I wish I had a dollar for every hour people have wasted trying to do nonlinear parameter estimation with R.

Here is the solution to your problem together with the estimated std devs calculated by the delta method and plot of solution is above.

y0 85.557909  3.0989e-01

a1 125.20943 1.3766e+01

a2 1394.155 4.4952e+03

b1 0.062640298 4.1774e-03

b2 0.43392314 2.9936e-01

I used the same AD Model Builder code as I posted there, but modified slightly for your problem. As I stated there this is a general technique for attacking these sorts of problems.

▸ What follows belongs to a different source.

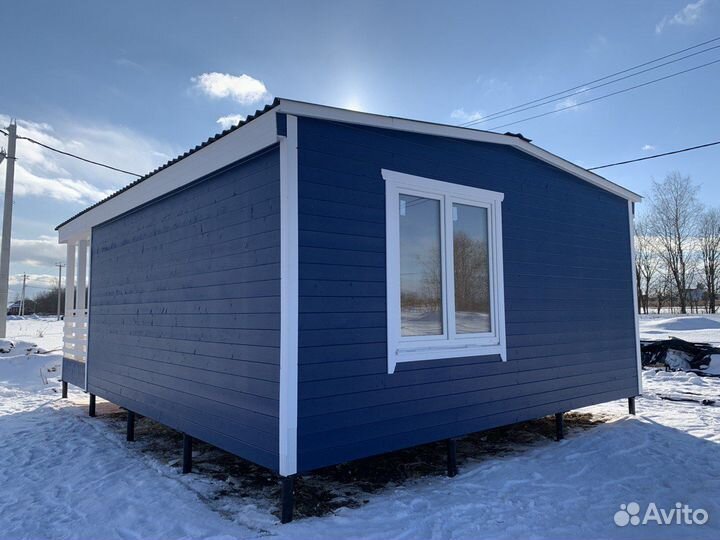 Дачная каркасная бытовка с террасой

How to choose initial values for nonlinear least squares fit

This is the AD Model Builder code for your problem.

DATA_SECTION
  init_int n
  int mid
 !! mid=75;
  init_matrix data(1,n,1,3)
  vector t(1,n)
  vector P(1,n)
 !! t=column(data,2);
 !! P=column(data,3);   //use column 3
  number tmax
  number Pmax
 !! tmax=max(t);
 !! Pmax=max(P);
 !! t/=tmax;
 !! P/=Pmax;

PARAMETER_SECTION
  init_number L1(3)     //(3) means estimate in phase 3
  init_number Lmid(3)
  init_number Ln(3)

  vector L(1,3)
  init_number log_b1       // estimate in phase 1
  init_number log_diff    // estimate in phase 2 
  sdreport_number b1
  sdreport_number b2
  matrix M(1,3,1,3);
  objective_function_value f
  sdreport_vector v(1,3)
  sdreport_number real_y0
  sdreport_number real_a1
  sdreport_number real_a2
  sdreport_number real_b1
  sdreport_number real_b2
  vector pred(1,n);
PROCEDURE_SECTION
  L(1)=L1;
  L(2)=Lmid;
  L(3)=Ln;
  b1=exp(log_b1);    // this parameterization ensures that b1<b2
  b2=b1+exp(log_diff);  
  M(1,1)=exp(-b1*t(1));
  M(1,2)=exp(-b2*t(1));
  M(1,3)=1;
  M(2,1)=exp(-b1*t(mid));
  M(2,2)=exp(-b2*t(mid));
  M(2,3)=1;
  M(3,1)=exp(-b1*t(n));
  M(3,2)=exp(-b2*t(n));
  M(3,3)=1;

  v=solve(M,L);  // solve for standard parameters 
                 // v is vector corresponding to the parameters b_1 b_2 P_0

  pred=v(3)-v(1)*exp(-b1*t)-v(2)*exp(-b2*t);
  if (current_phase()<4)
    f+=norm2(P-pred);
  else   // use concentrated likelihood so that Hessian is correct
    f+=0.5*n*log(norm2(P-pred)); //concentrated likelihood

  real_y0=v(3)*Pmax;
  real_a1=v(1)*Pmax;
  real_a2=v(2)*Pmax;
  real_b1=b1/tmax;
  real_b2=b2/tmax;

REPORT_SECTION
  dvar_matrix tmp(1,2,1,n);
  dvar_vector real_t=t*tmax;
  dvar_vector real_pred=real_y0-real_a1*exp(-real_b1*real_t)
    -real_a2*exp(-real_b2*real_t);

  tmp(1)=real_t;
  tmp(2)=real_pred;

  ofstream ofs1("pred");
  ofs1 << trans(tmp)<< endl;

  tmp(2)=P*Pmax;

  ofstream ofs2("obs");
  ofs2 << trans(tmp)<< endl;


  report << "y0 " << setprecision(8) << real_y0 << endl;
  report << "a1 " << setprecision(8) << real_a1 << endl;
  report << "a2 " << setprecision(8) << real_a2 << endl;
  report << "b1 " << setprecision(8) << real_b1 << endl;
  report << "b2 " << setprecision(8) << real_b2 << endl;

wow!! it's quite something I need to digest a little bit, good to my long weekend. :) Thank you so much! I just googled and learned that AD builder is a software built for nonlinear regression. thanks a million!! — Liz Sugar, Oct 10 '15 at 20:51

Harvey Motulsky · Answer 2 · 2015-10-11T01:13:02.213

2

EDITED TO REMOVE THE ORIGINAL SECOND POINT, WHICH WAS WRONG. Two comments:

Looking at the data, something strange is happening at about 80 seconds and 140 seconds. If these are experimental artefacts, then it won't make sense to fit a complicated model. If those data show a real trend (not an experimental artefact), then you'll need a sinusoidal model to fit those twists and bends. Fitting the biexponential model assumes all variation is Gaussian, but those trends at 80 and 140 seconds seem too large to just be random variation.
Here are the results from GraphPad Prism, which are very similar to those that Dave got with ADBuilder (Prism file):

a. Look at the confidence intervals for A2 and tau2. They cross into negative values, which are impossible, and are quite wide. Your data really don't define these parameters.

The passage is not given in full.